PostPosted: 04 Apr 2013, 13:35
by Marion B
If I calculate my known SD today, next time I receive a batch, I will be able to reduce the sample size.
Then I can calculate the SD for the batch and compare to the known SD via the F-Test you described.

If I reject the null hypothesis, does that mean I would have to test more samples based on an unknown SD plan?

If so my goal of reducing the sample size would have failed.
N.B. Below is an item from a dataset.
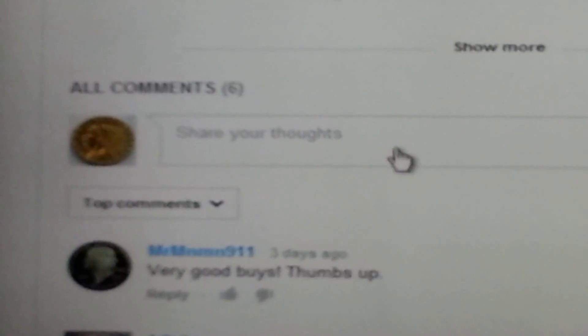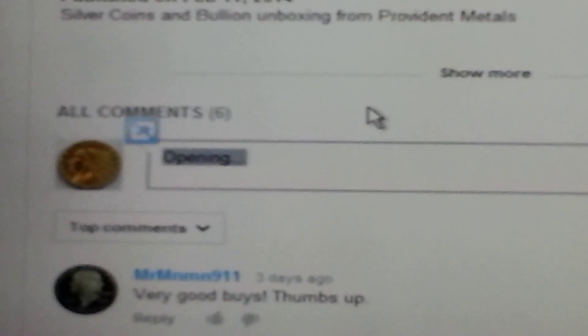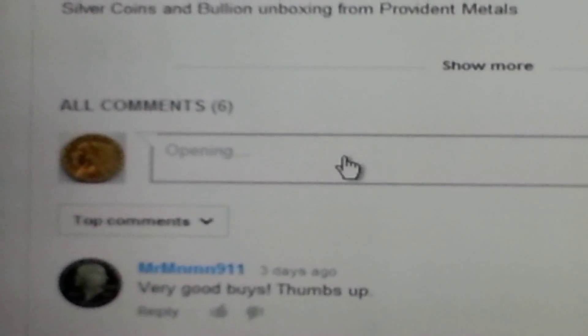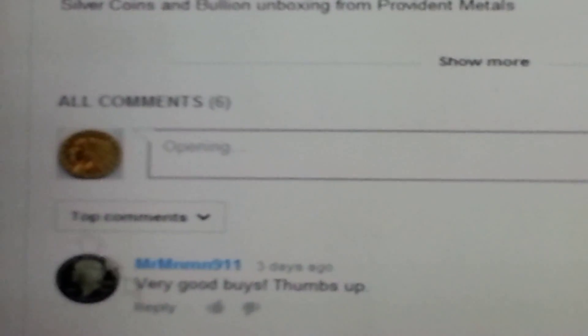Hello. I need some help here. I'm trying to reply to comments or just make a comment on any page. I click in the box and it just says 'opening' and I never get a cursor in the box, no matter what I do. And also, if I try to reply to a comment, it doesn't do anything at all.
Re: How to determine known variability for acceptance sampli

PostPosted: 04 Apr 2013, 14:13
by Stan Hilliard
Marion B wrote:If I calculate my known SD today, next time I receive a batch, I will be able to reduce the sample size.
Then I can calculate the SD for the batch and compare to the known SD via the F-Test you described.

Yes.

Marion B wrote:If I reject the null hypothesis, does that mean I would have to test more samples based on an unknown SD plan?

Yes.

Marion B wrote:If so my goal of reducing the sample size would have failed.

Yes.
But that would happen only if the assumption of known SD that you based that goal on is wrong. If the historical within lot SD of kits of remains stable (except for sampling variability) then you would rarely reject the null hypothesis. And would not increase the sample size.

Re: How to determine known variability for acceptance sampli

PostPosted: 04 Apr 2013, 15:52
by Marion B
Thank you, Stan. You made all this way more clear!